King Kaufman's Sports Daily

It's a myth that Montreal is a great baseball town, but it does deserve a chance to keep the Expos. Plus: Call for NFL predictions.

Published August 29, 2003 7:00PM (EDT)

Did you notice that Expos-Phillies series this week? Are you like me? Are you thinking that the best place for the Montreal Expos to move next year would be Montreal?

The teams drew 30,501 Monday night. Over the four-game series at Olympic Stadium 83,145 fans came through the turnstiles, which is 9,657 per game more than the Expos had averaged in Montreal before this week.
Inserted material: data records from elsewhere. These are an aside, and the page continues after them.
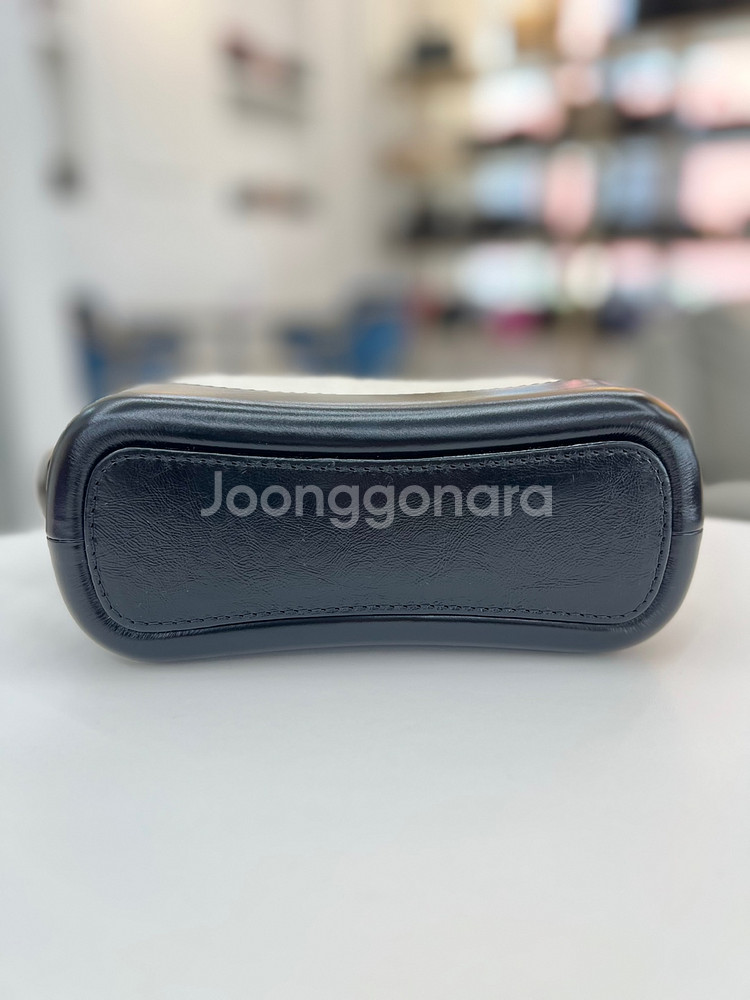 [중고명품 럭스올 울산점]샤넬 가브리엘 호보백 스몰--3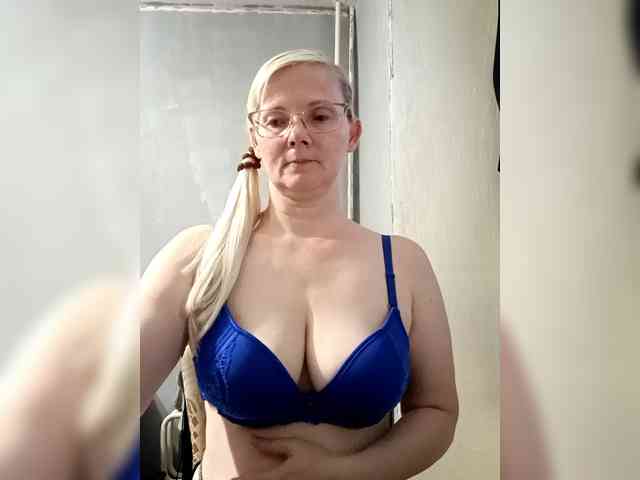 Sweetie454 webcam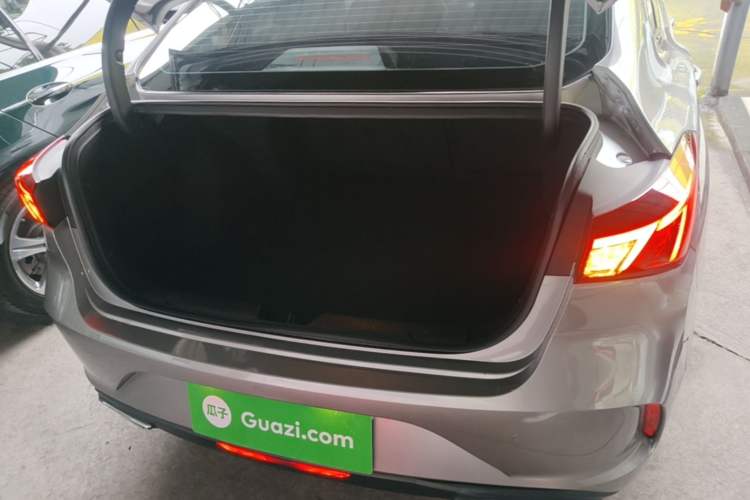 Used CHANGAN Eado 2020 PLUS Blue Whale NE 1.4T GDI DCT Flagship Model Trunk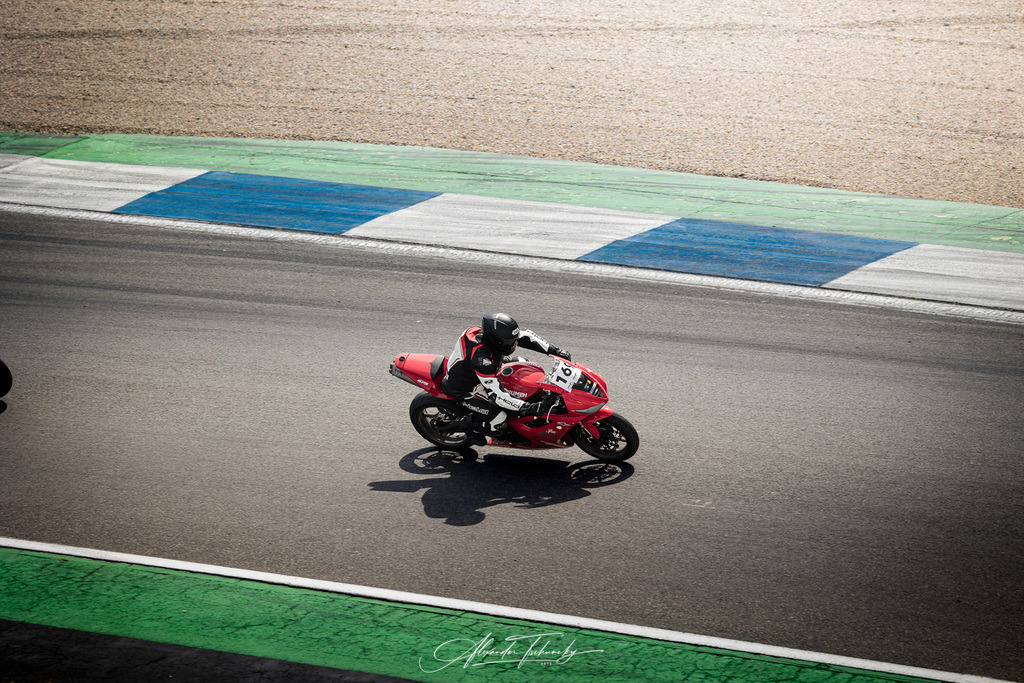 Ducati Trackday Hockenheimring 2026 | Entdecken Sie die faszinierende Welt von Alexander Tschuncky Arts: Kreative Fotografie, atemberaubende Automobilkunst und hochwertiger Bilderdruck. Lassen Sie sich inspirieren! - Realisiert mit Pictrs.com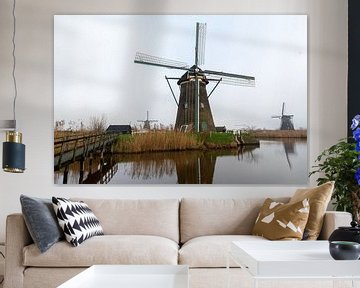 Kinderdijk Windmühle im Nebel von Merijn Loch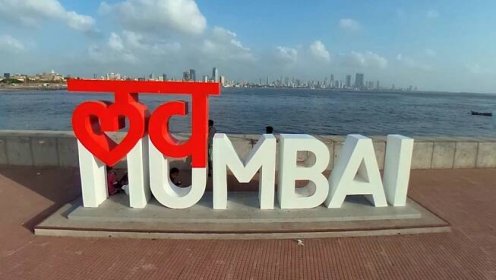 Love Mumbai Art Installation | Mumbai Bandra Reclamation Promenade - India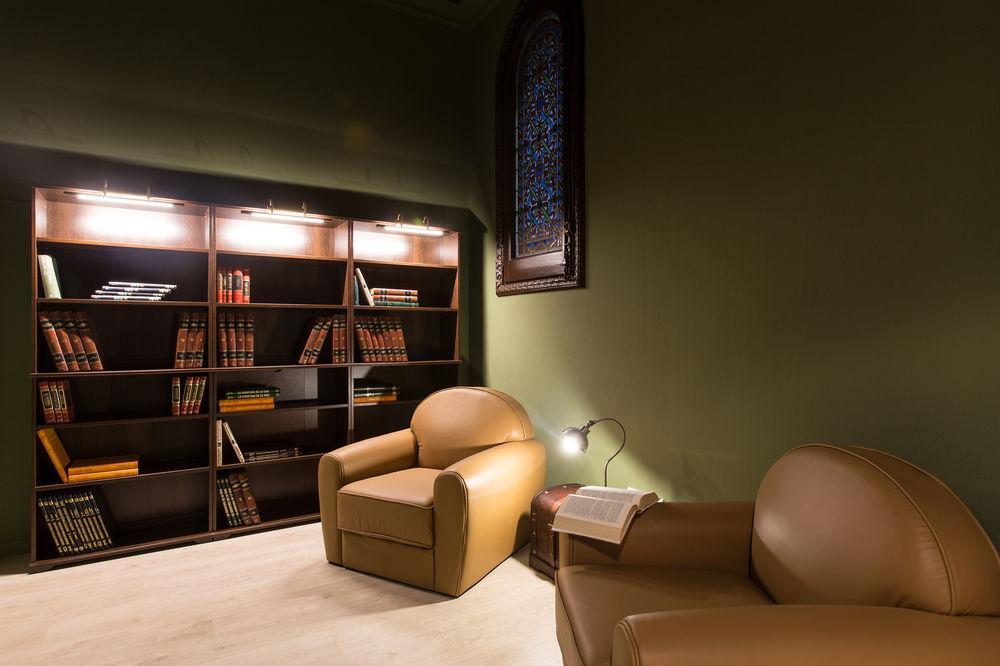 Izaila Plaza Catalunya Gasthuis 3*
The Expos swept the series to catch the Phillies atop the wild card race.

After Wednesday night's stirring 9-6 win, Expos players talked about the raucous crowd. "I wish we could have this type of crowd here every night," said Joe Vitiello, who drove in the winning run. "It just fires us up, and we just want to go out there and give everything we've got."
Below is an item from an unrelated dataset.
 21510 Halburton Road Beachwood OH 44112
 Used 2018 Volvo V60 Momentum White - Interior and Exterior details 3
"Tonight the crowd really carried us." said manager Frank Robinson.

It all goes to show that with a winning team and a little marketing, in the form of deeply discounted tickets and cheap hot dogs for now, Montreal is a perfectly good baseball town.

Or so it would be nice to think.

Among the crowd who thinks baseball commissioner Bud Selig is an idiot or worse -- and I am a card-carrying member of that crowd -- it's popular to say that before the 1994 baseball strike sent the Expos franchise off the rails, Montreal was a great baseball town. The Expos had perhaps their best team ever that year, but the season was wiped out, the team never recovered and the fans never came back. Things are so bad that this year the Expos are playing 22 "home" games in Puerto Rico, where they draw a little better than in Montreal.
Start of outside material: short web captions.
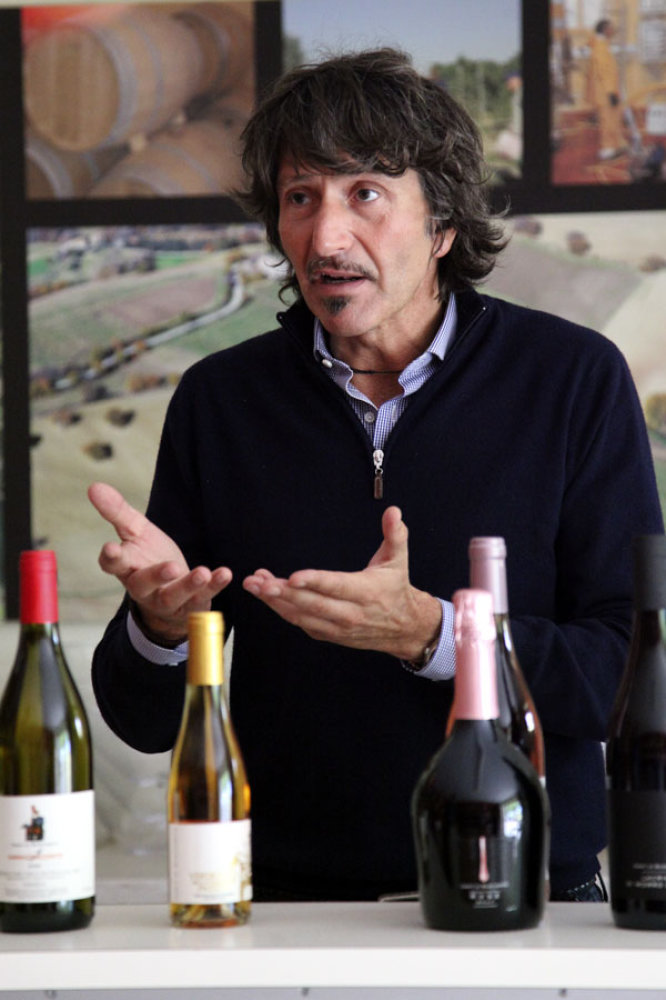 Sergio Francesconi, der den Besuchern temperamentvoll Wein und Gegend nahebringt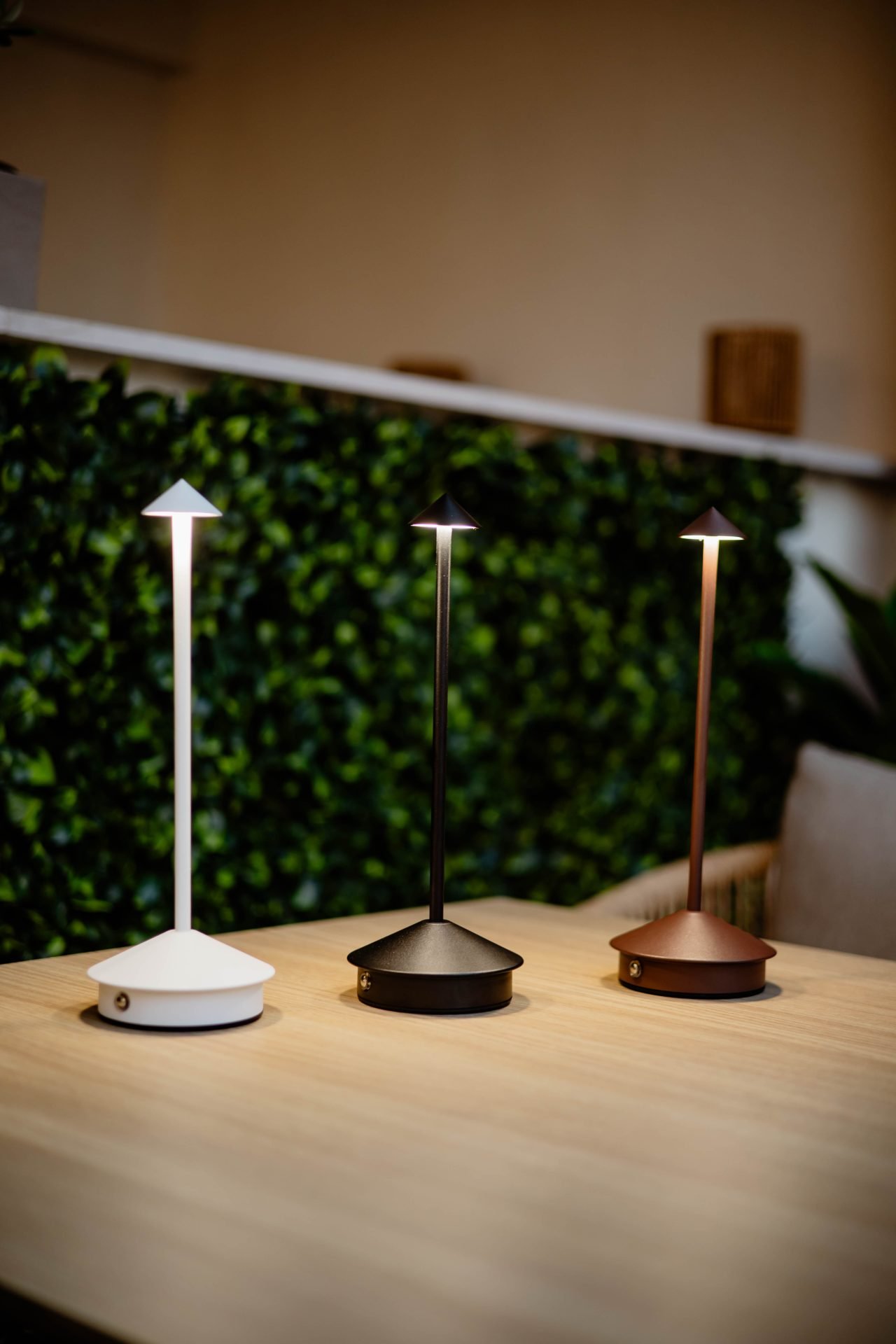 Επιτραπέζιο φωτιστικό "Arrow" 12τμχ/κιβ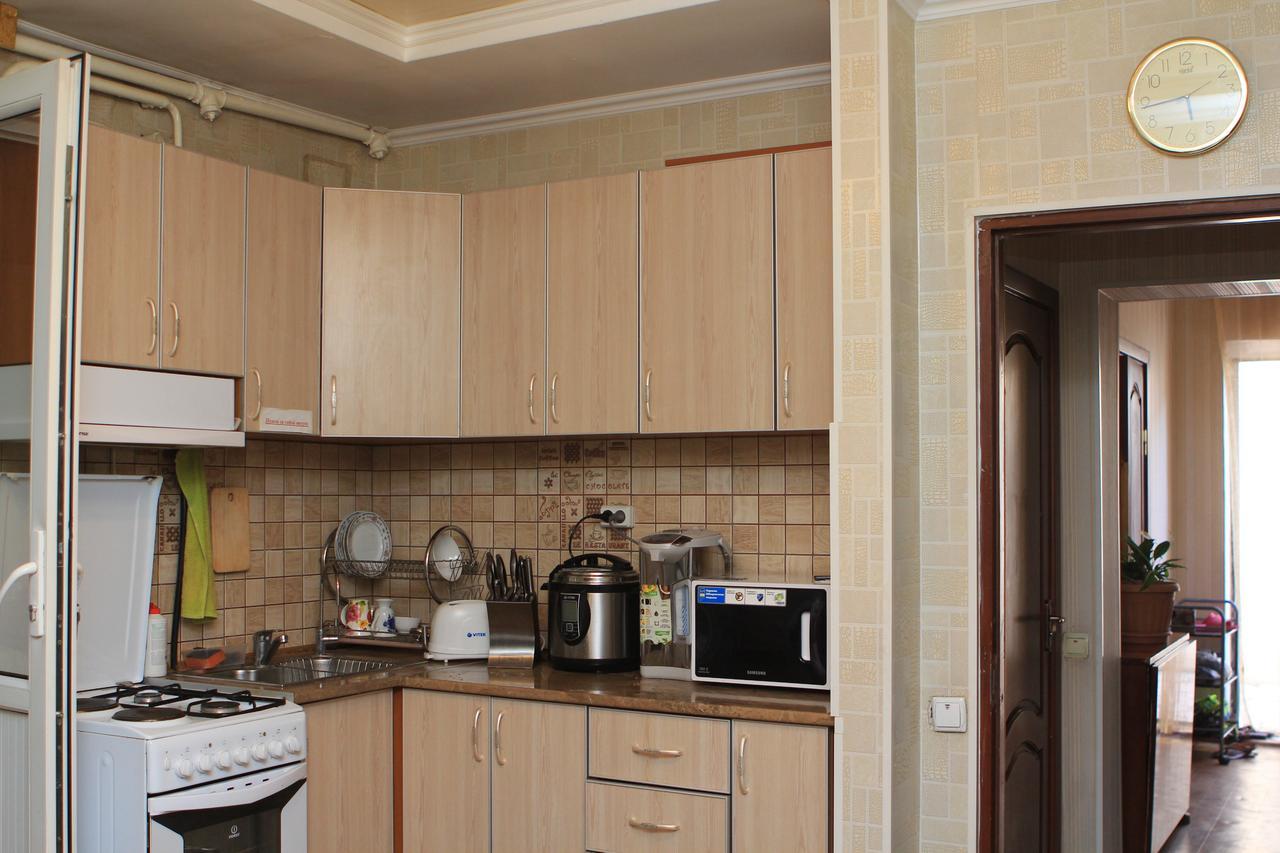 Holiday Hostel House Бишкек Экстерьер фото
It's not really true, the great baseball town part. In their first eight years, at the minor league Jarry Park, the Expos mostly played poorly and drew poorly. Their fortunes improved shortly after their 1977 move to Stade Olympique, one of the ugliest, darkest, most poorly designed stadiums in major league history, and that's saying something.

From 1979 to 1993, the Expos finished in the top half of the six-team National League East 11 out of 15 times. (The division had seven teams in 1993. The Expos finished second.) They only won the division once, in the strike year 1981, but they won 90 or more games four times, and had a losing record only three times. They weren't overachievers, but they were a solid ballclub, and there were marquee players romping within those concrete walls: Steve Rogers, Gary Carter, Andre Dawson, Tim Raines, Dennis Martinez, Andres Galarraga, Moises Alou and Larry Walker were all Expos during those years.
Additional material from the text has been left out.